Task instructions |
Every entry below should be copied exactly, minus the pictures.

Supplied records |
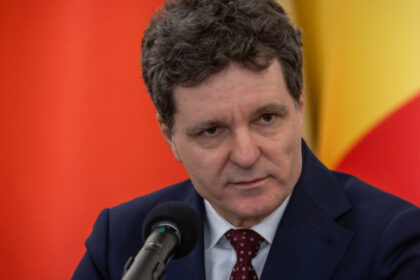 reactia lui nicusor dan dupa ce sri a devoalat reteaua de sabotaj coordonata de rusia incalcare grava a suveranitatii tarii 6ae070427b8f3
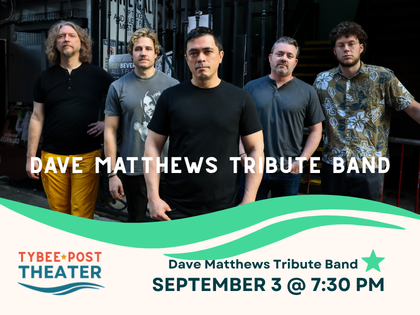 Dave Matthews Band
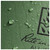 Rite In The Rain Hard Cover Book | Green | 4.75" X 7.5"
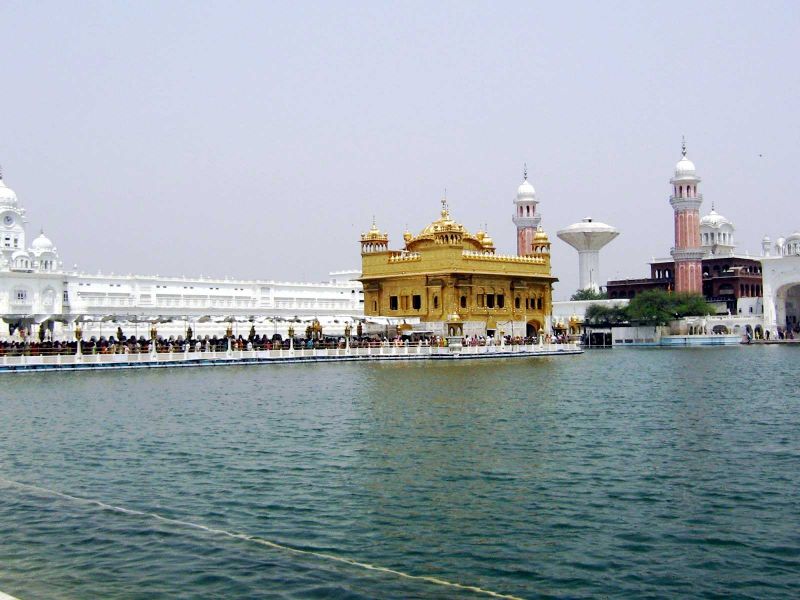 Harmandir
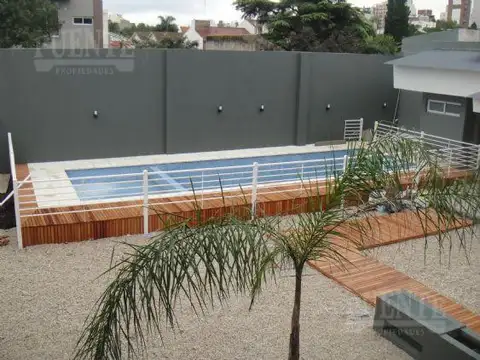 Departamento en Venta 10 años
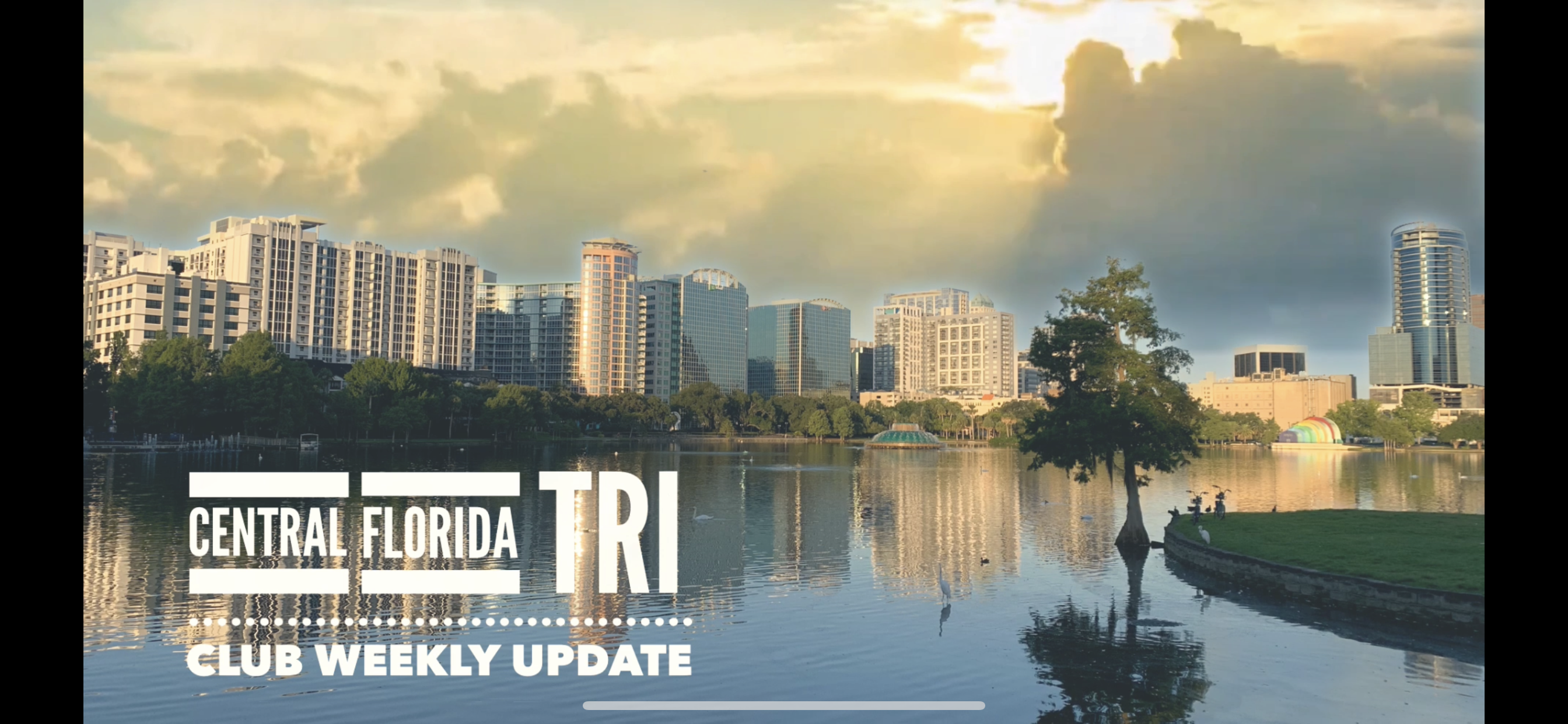 Week of October 19 – 25, 2020
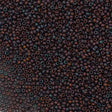 Miyuki Round Seed Bead 11/0 Metallic Matte Copper 22g Tube (2005)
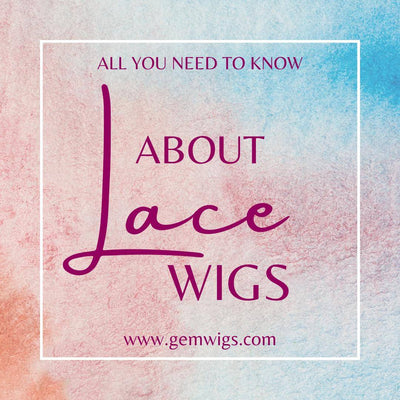 Everything you need to know about lace...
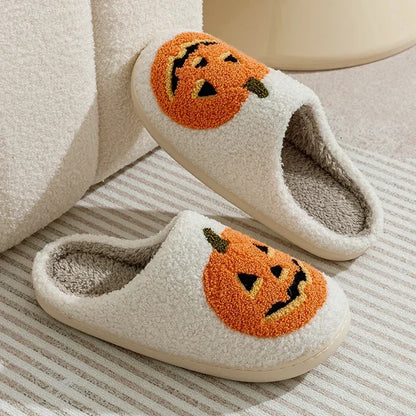 Maisie Slippers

Exercise answer |
 reactia lui nicusor dan dupa ce sri a devoalat reteaua de sabotaj coordonata de rusia incalcare grava a suveranitatii tarii 6ae070427b8f3
 Dave Matthews Band
 Rite In The Rain Hard Cover Book | Green | 4.75" X 7.5"
 Harmandir
 Departamento en Venta 10 años
 Week of October 19 – 25, 2020
 Miyuki Round Seed Bead 11/0 Metallic Matte Copper 22g Tube (2005)
 Everything you need to know about lace...
 Maisie Slippers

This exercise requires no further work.